My objective was to deploy a complete, accessible, and stateful httpd web server. The task was broken down into four distinct but interconnected resources: 1. PersistentVolume (PV): Named pv-devops, with 4Gi of manual storage from a hostPath at /mnt/finance. 2. PersistentVolumeClaim (PVC): Named pvc-devops, requesting 1Gi of manual storage. 3. Pod: Named pod-devops, running an httpd:latest container named container-devops, and mounting the PVC as its web root. 4. Service: Named web-devops, of type NodePort, exposing the application on node port 30008.


My Step-by-Step Solution

The professional way to create these related resources is to define them all in a single YAML manifest file.
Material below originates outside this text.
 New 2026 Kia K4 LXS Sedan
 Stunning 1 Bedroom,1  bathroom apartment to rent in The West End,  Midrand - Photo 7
Phase 1: Writing the Manifest File

  1. I connected to the jump host.
  2. I created a new file named web-app.yaml using vi.
  3. Inside the editor, I wrote the following complete YAML code, using the --- separator to define all four Kubernetes objects. I also remembered to add a label to my Pod so the Service's selector could find it.
    apiVersion: v1
    kind: PersistentVolume
    metadata:
      name: pv-devops
    spec:
      storageClassName: manual
      capacity:
        storage: 4Gi
      accessModes:
        - ReadWriteOnce
      hostPath:
        path: "/mnt/finance"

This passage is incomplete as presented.